**Exercise aim:** Given the records underneath, please repeat exactly the lines from the line with "Gucci White Printed Silk Baseball Cap" through the line with "Ручка гелевая черная", passing over any picture.

**Data to use:**
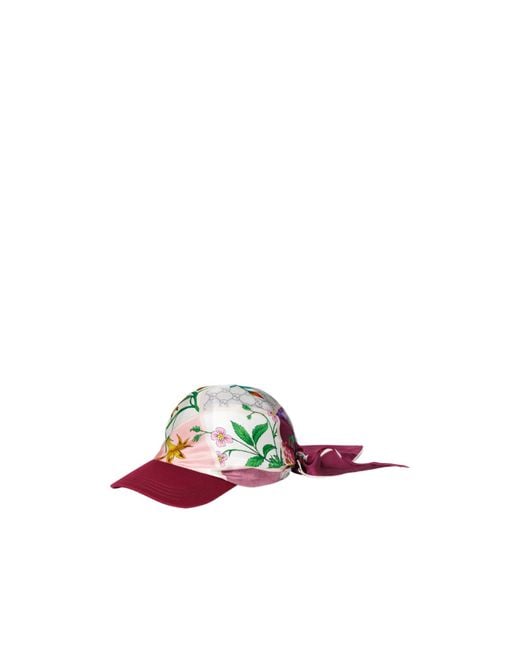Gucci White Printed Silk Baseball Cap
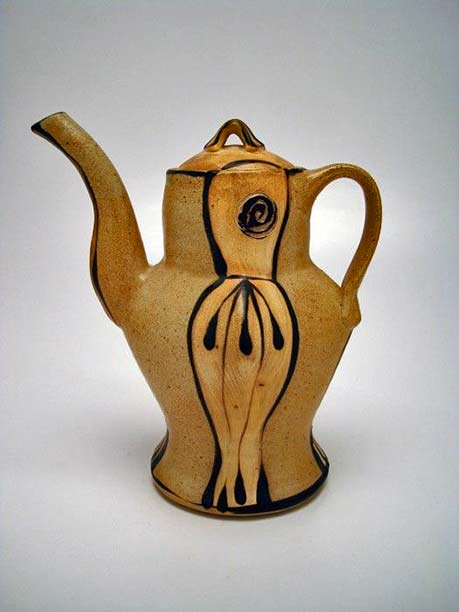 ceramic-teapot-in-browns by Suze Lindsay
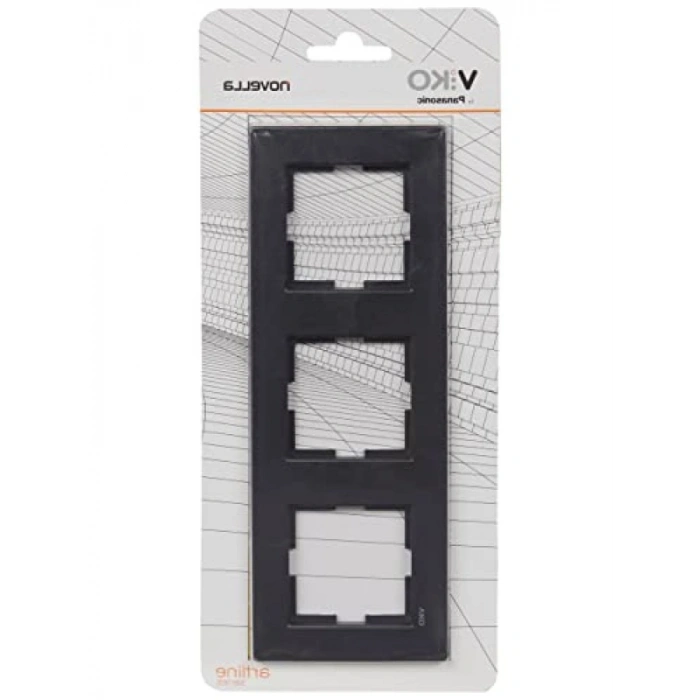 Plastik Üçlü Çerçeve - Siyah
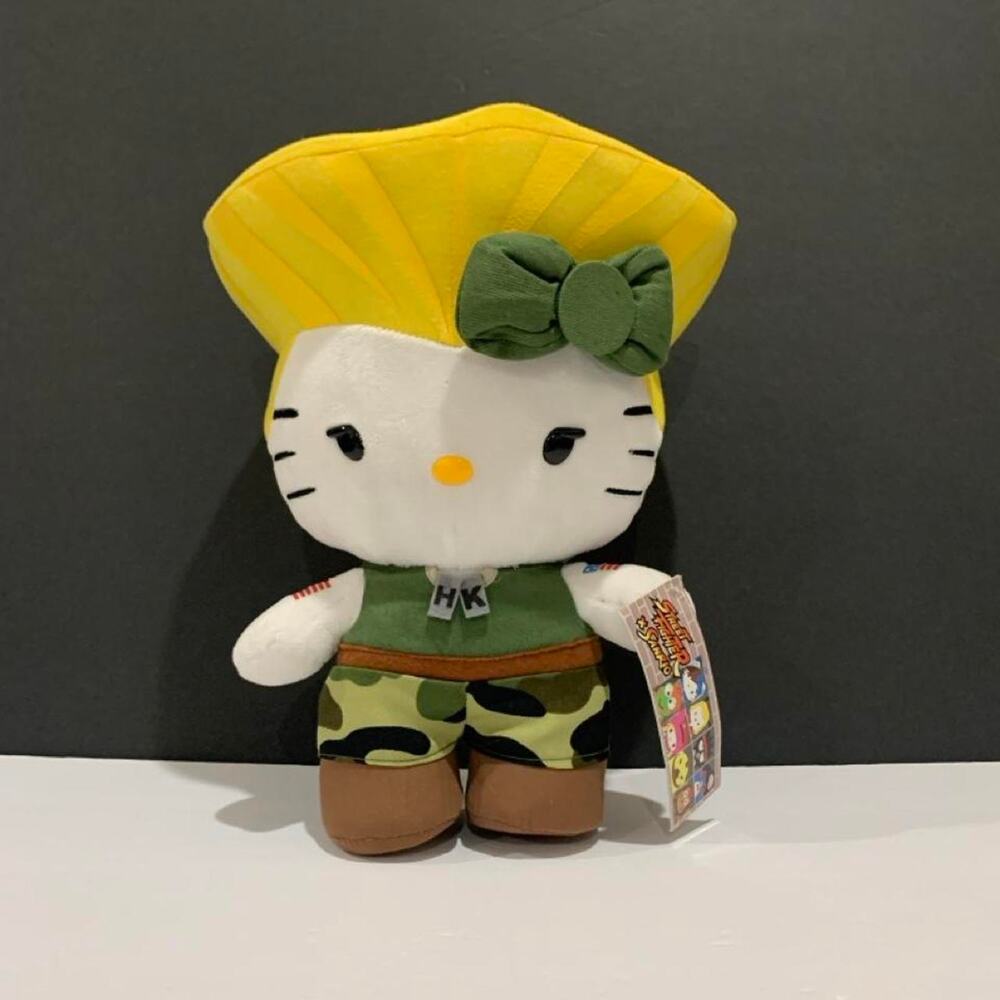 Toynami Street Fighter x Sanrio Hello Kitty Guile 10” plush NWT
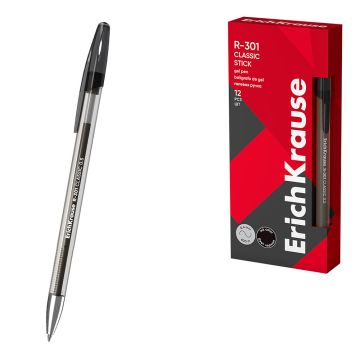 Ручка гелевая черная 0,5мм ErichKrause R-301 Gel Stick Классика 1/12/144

* * *

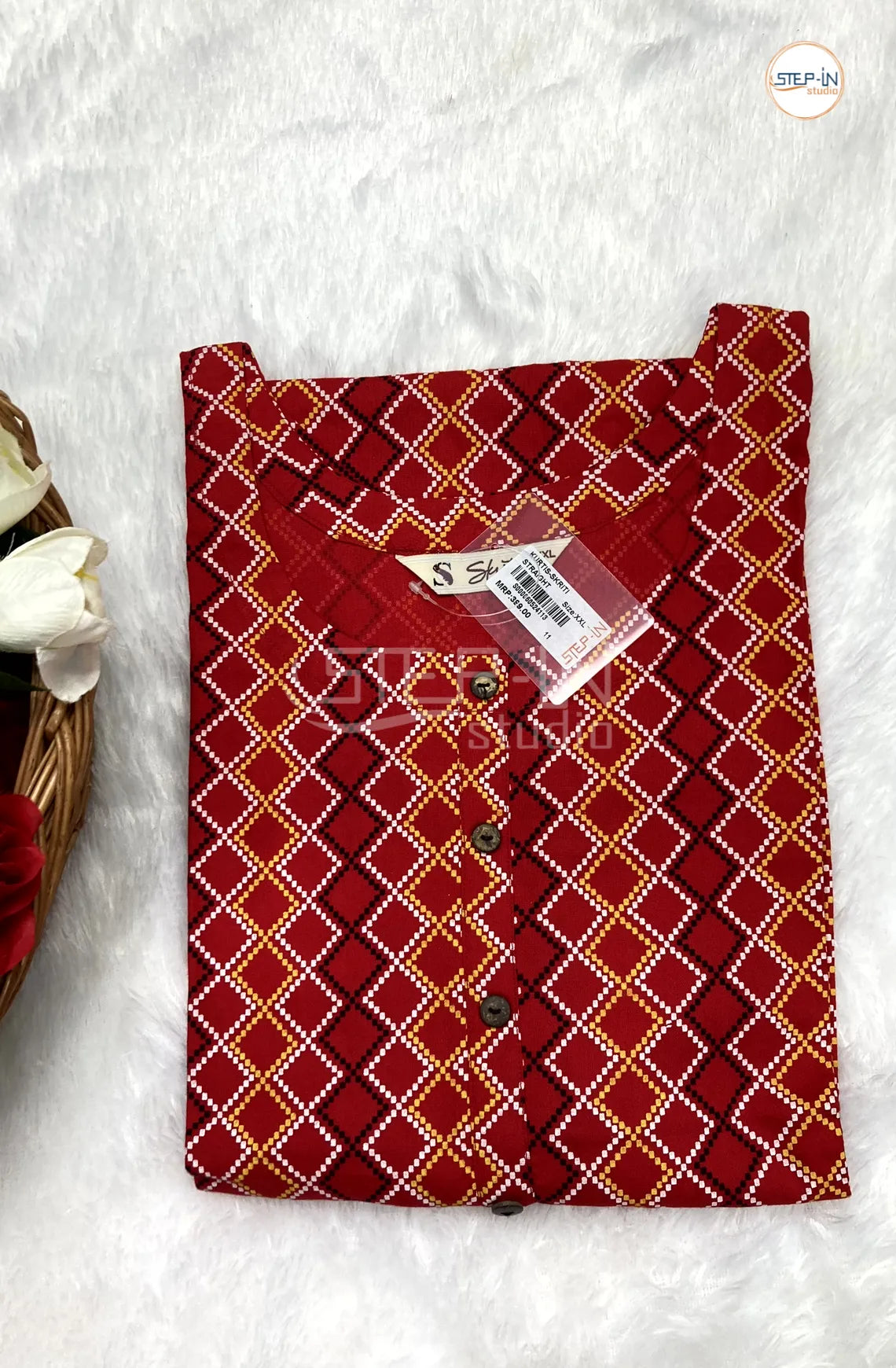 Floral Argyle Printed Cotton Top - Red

==

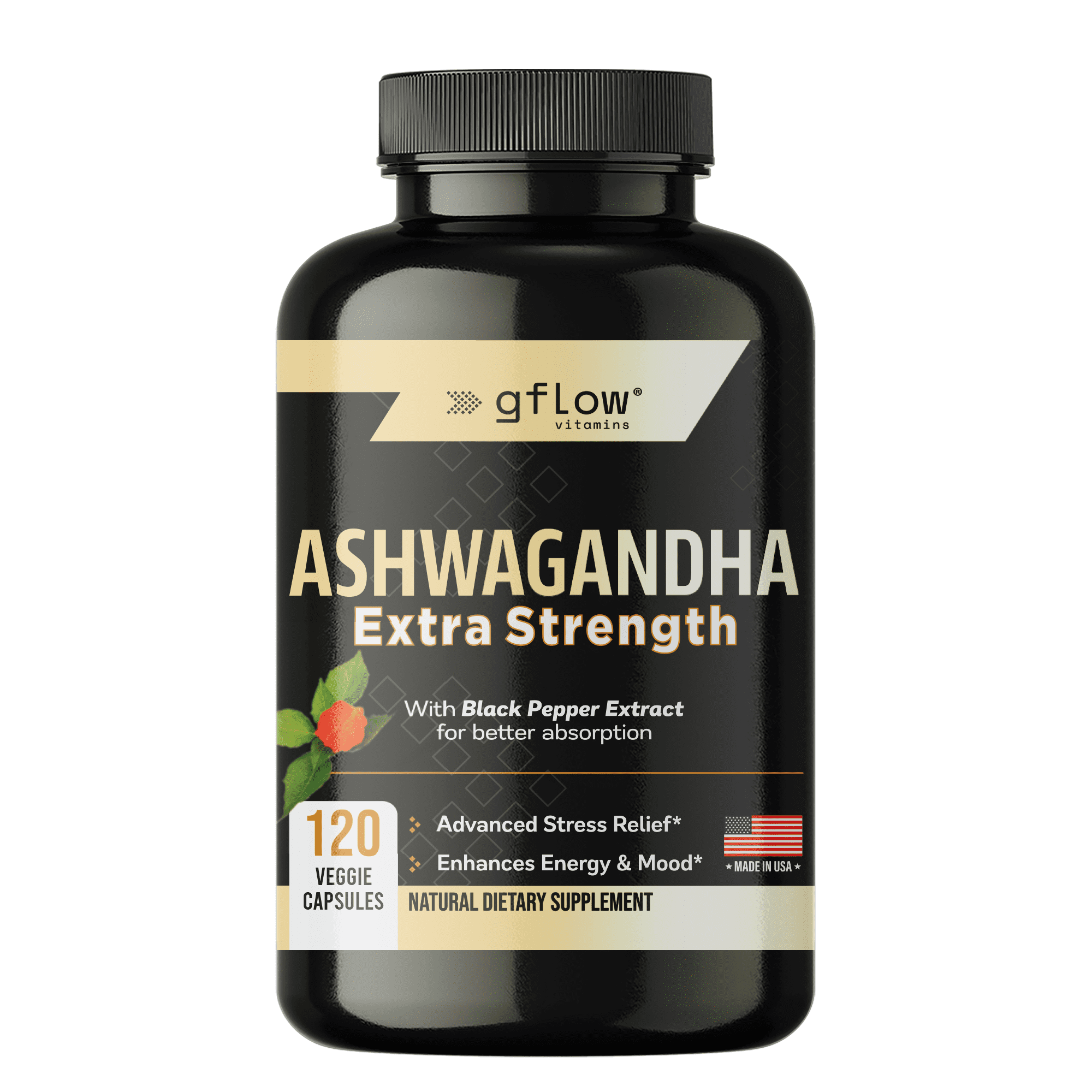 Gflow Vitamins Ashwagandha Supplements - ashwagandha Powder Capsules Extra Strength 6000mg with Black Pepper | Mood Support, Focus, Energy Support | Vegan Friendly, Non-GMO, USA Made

**Written solution:**
Gucci White Printed Silk Baseball Cap
 ceramic-teapot-in-browns by Suze Lindsay
 Plastik Üçlü Çerçeve - Siyah
 Toynami Street Fighter x Sanrio Hello Kitty Guile 10” plush NWT
 Ручка гелевая черная 0,5мм ErichKrause R-301 Gel Stick Классика 1/12/144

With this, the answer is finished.